- **TASK STATEMENT**: Transcribe all of the records word for word, but omit the pictures.

****************

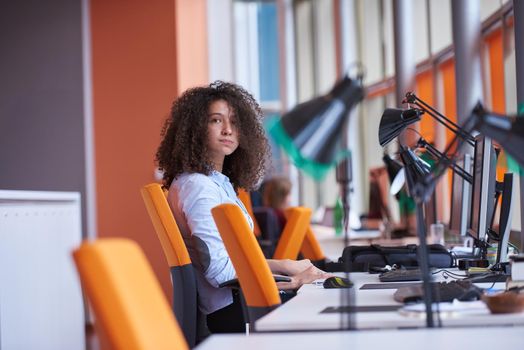 happy young  business woman with curly hairstyle in the modern office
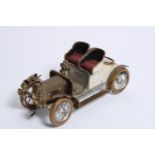 A motoring desk piece in the form of a two-seat open tourer, circa 1904, probably Swiss,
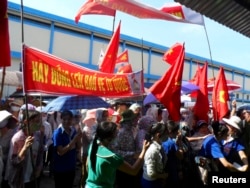 Workers wave Vietnamese national flags during an anti-China protest at a Chinese shoe factory in Vietnam's northern Thai Binh province, May 14, 2014.
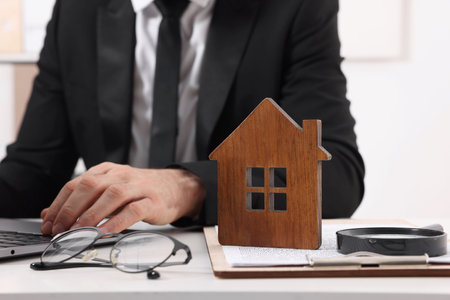 Real estate agent working with laptop at white table with house figure in office, closeup. Home appraisalの写真素材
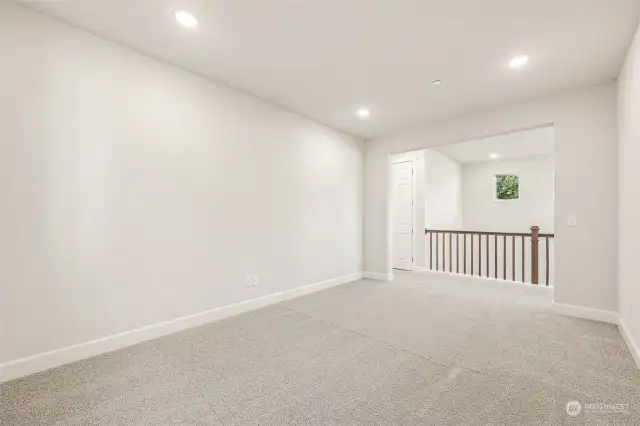 Loft looking out across hall at vaulted ceiling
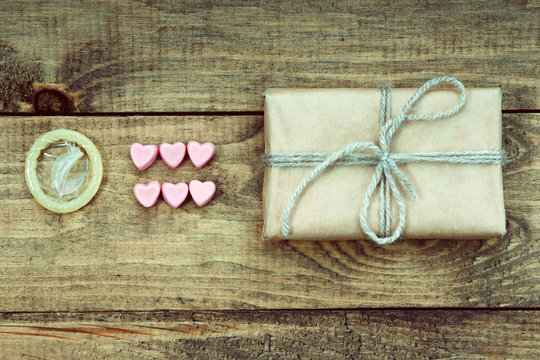 Condom, heart shapes and gift box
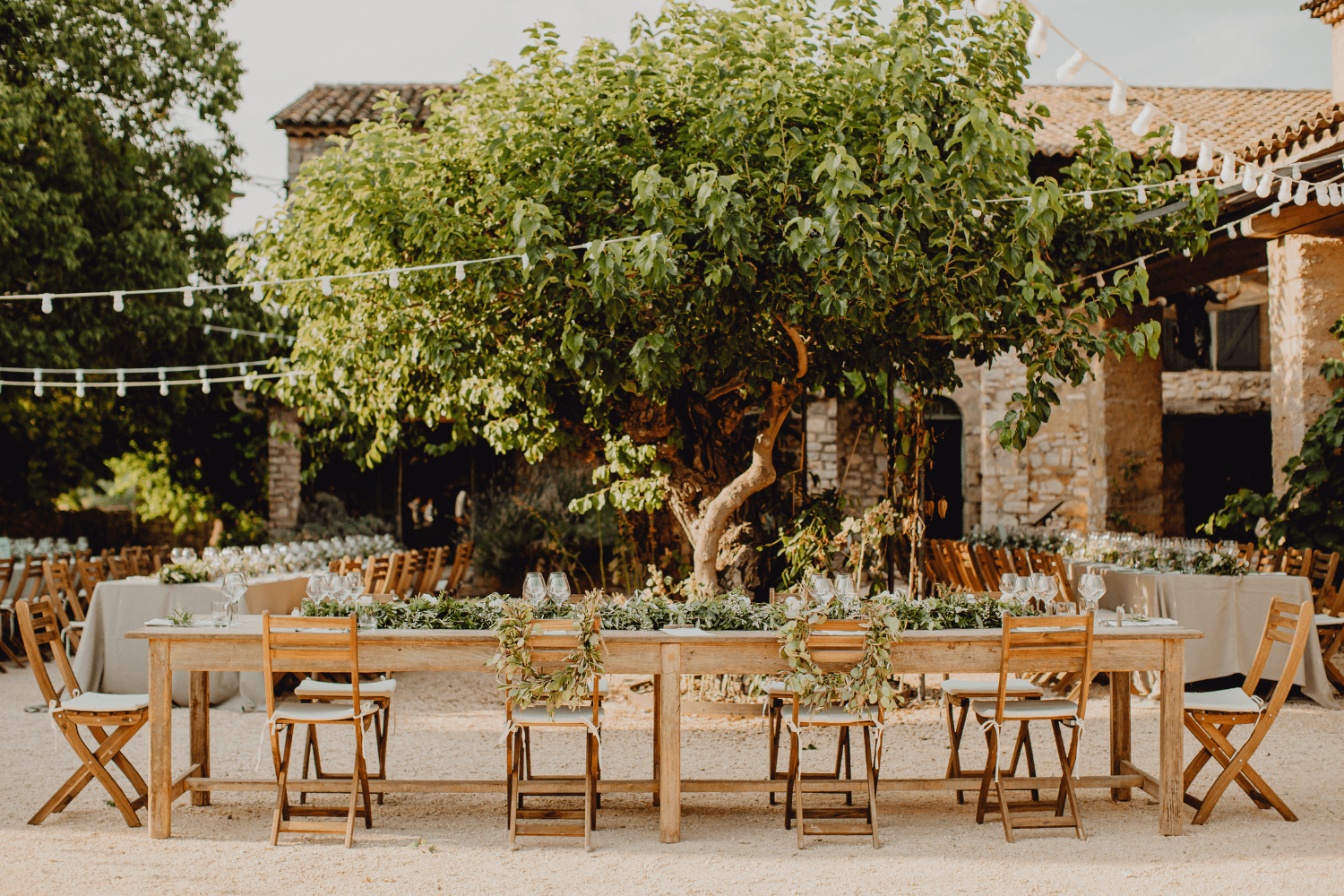 Une table de mariage champêtre en bois avec un chemin de table et des décorations végétales.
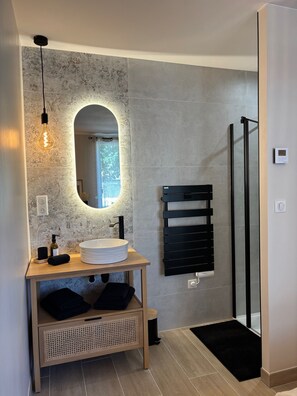 Shower, hair dryer, towels, soap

****************

- **ANSWER SECTION**:
 happy young  business woman with curly hairstyle in the modern office
 A motoring desk piece in the form of a two-seat open tourer, circa 1904, probably Swiss,
 Workers wave Vietnamese national flags during an anti-China protest at a Chinese shoe factory in Vietnam's northern Thai Binh province, May 14, 2014.
 Real estate agent working with laptop at white table with house figure in office, closeup. Home appraisalの写真素材
 Loft looking out across hall at vaulted ceiling
 Condom, heart shapes and gift box
 Une table de mariage champêtre en bois avec un chemin de table et des décorations végétales.
 Shower, hair dryer, towels, soap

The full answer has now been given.